Thursday, February 3, 2011

Food TV: are we being served?

It's rare we see a brilliant food programme these days. When we do, we should make more noise

A couple of weeks ago I posted a piece here on a new TV programme, Michel Roux's Service. I wanted to kick off a discussion about UK service standards and was mildly scathing about the BBC's decision to make another programme in the "reality" genre - promoting it around the "personal journeys" of real people and "quest" of a celebrity. I have to admit, having been glued to the Sky+ for every episode, that I was wrong.

Of course, I completely stand by the assertion that whoever penned the deathless line "Michel Roux sets out on a personal mission to train eight young people as front-of-house superstars" on the BBC website should get 12 points on their Artistic Licence and have their typing fingers cut off, but the programme itself was brilliant from start to finish.

Roux, a man who manages to communicate a genuine love for his calling, came across with an integrity we're no longer used to seeing in food TV. Fred Sirieix played a kind of gallic Spock to his impassioned Kirk, his Cantona-style metaphors communicating profound wisdom seasoned with mild bafflement. And the trainees themselves really did change - not because of some contrived jungle "experience", choreographed conflict or public humiliation, but because, as everyone who's ever done restaurant work will have recognised, they learned to work as a team.
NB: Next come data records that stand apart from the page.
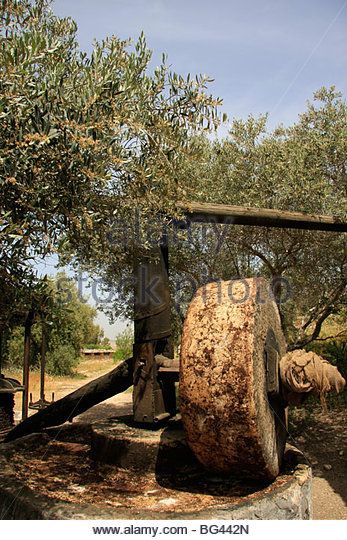 Ancient Olive press in Neot Kedumim, Biblical Landscape Reserve - Stock Cider Press, Olive Press, Olive Grove, Old Technology, Olive Trees, Cute Couple Drawings, Green Olives, Fall Is Here, Ancient Cultures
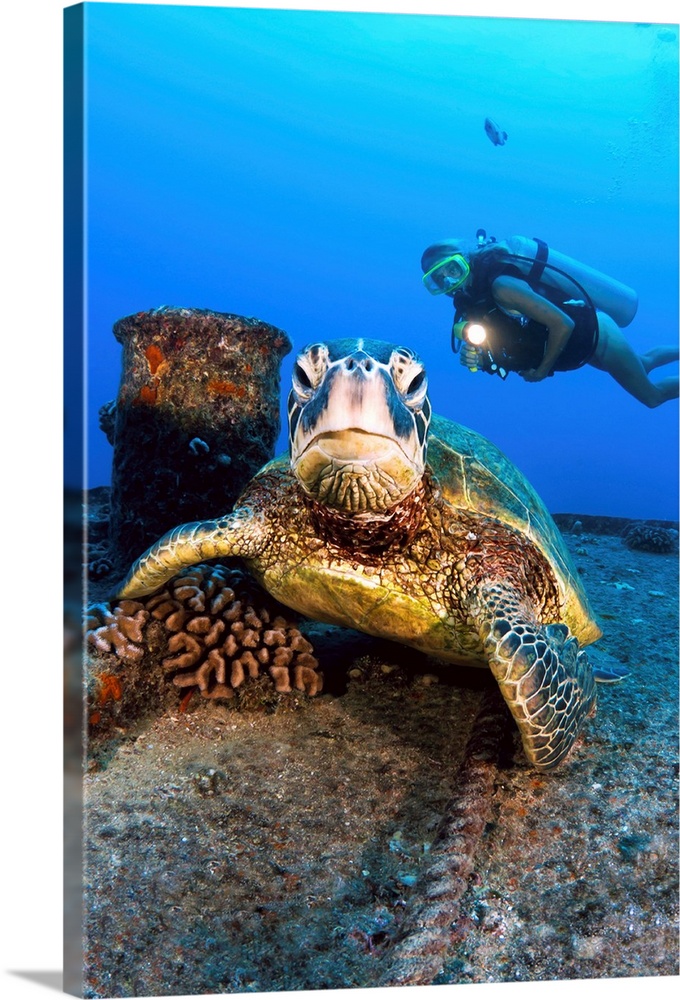 Hawaii, Oahu, Waikiki, Diver Views A Green Sea Turtle On The Wreck Of The Yo-257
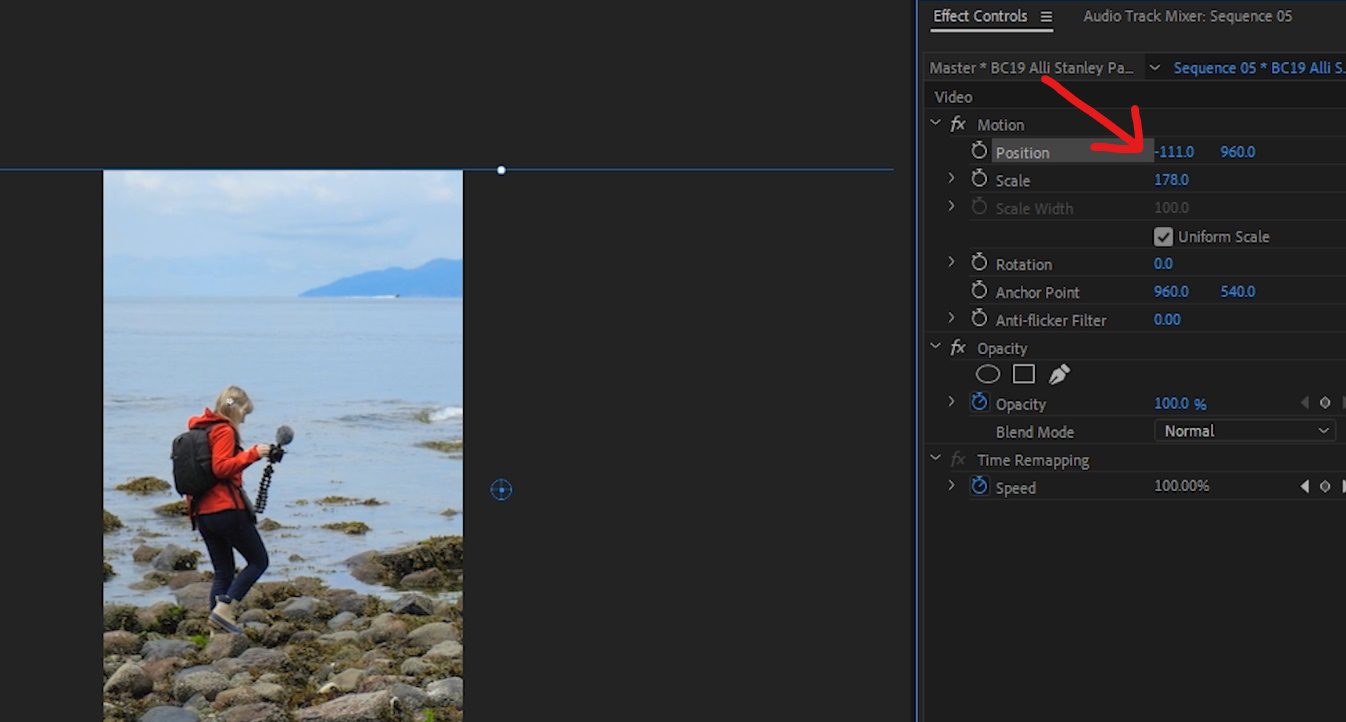 A screenshot of the Effect Controls panel inside Premiere Pro showing the Position settings.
It was remarkable how, by halfway through the series, the trainees were making eye contact with the camera, had lost the defensive teenage mumble and attitude and were visibly growing. It concentrates the mind wonderfully to realise you're part of a team and, though you're lost and scared to death, if you don't do your job, you're going to bring your mates down with you. If an 18-year-old isn't a high level sportsperson or humping a pack across Helmand right now, a restaurant is one of the few other places they're going to get that experience. Roux and Sirieix know this in their souls and they've used it.

It's a remarkably involving, generous and, though I barf even thinking of the word, "uplifting" bit of TV and, judging by online gossip, much appreciated by quality-starved food lovers.

As is Lorraine Pascale's Baking Made Easy, a little gem of a programme that's snuck in under the radar and which, though it's received mixed reactions from the proper critics, seems to be a hit with food lovers. Sure, she's impossibly beautiful, but she's also a working cook who clearly knows her stuff and delivers it with charm and enthusiasm.

So why am I writing such nice things about programmes that are coming to an end? Because, judging by viewing figures and general critical response so far, the chances of either show being enough of a "success" to recommission are low. And that points up the awful catch-22 about UK food programming. If a show is intelligent enough not to patronise food lovers, it's unlikely to have the wide appeal that broadcasters demand.

Even Tony Bourdain, probably one of the most bankable names in food, had to walk away from the established networks and start his own production company in order to create No Reservations - a show which, much as I love it, is shot with the production values of amateur porn and needs to be cut by 50% before being viewed by humans. Quality food TV is, it seems a vanishingly small special interest.

If you have cable or satellite TV, pop over to one of the specialist food channels at around midnight tonight. Watch half an hour of dreck about tattooed cakemakers or something by a microsleb you've never heard of shot in their home kitchen on a mobile phone and you'll see how important programmes like Roux's and Pascal's are. As long as broadcasters and programme makers win by widening the appeal of their shows beyond those who "merely" love food we'll end up with more and more shows like Man versus Food and Come Dine With Me.

Let's face it, the majority of food TV in the UK is crap but, unless we make a little more noise when something good is actually aired we're facing a future when our special interest is no longer served - and that just can't be right.